YOUR ASSIGNMENT
Please give every line below again exactly, but not its pictures.

GIVEN MATERIAL

○ ○ ○ ○ ○ ○ ○

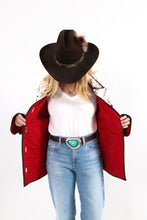 Load image into Gallery viewer, The Oversized Market Jacket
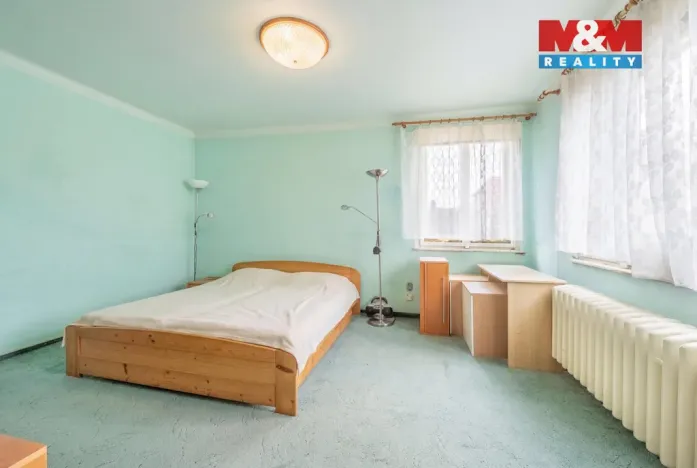 Prodej rodinného domu, Karlík, Zahradní, 148 m2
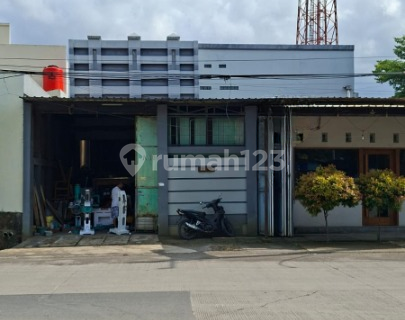 Dijual Gudang di Lingkar Tanjung di Tanah Mas 1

○ ○ ○ ○ ○ ○ ○

RESPONSE BELOW
 Load image into Gallery viewer, The Oversized Market Jacket
 Prodej rodinného domu, Karlík, Zahradní, 148 m2
 Dijual Gudang di Lingkar Tanjung di Tanah Mas 1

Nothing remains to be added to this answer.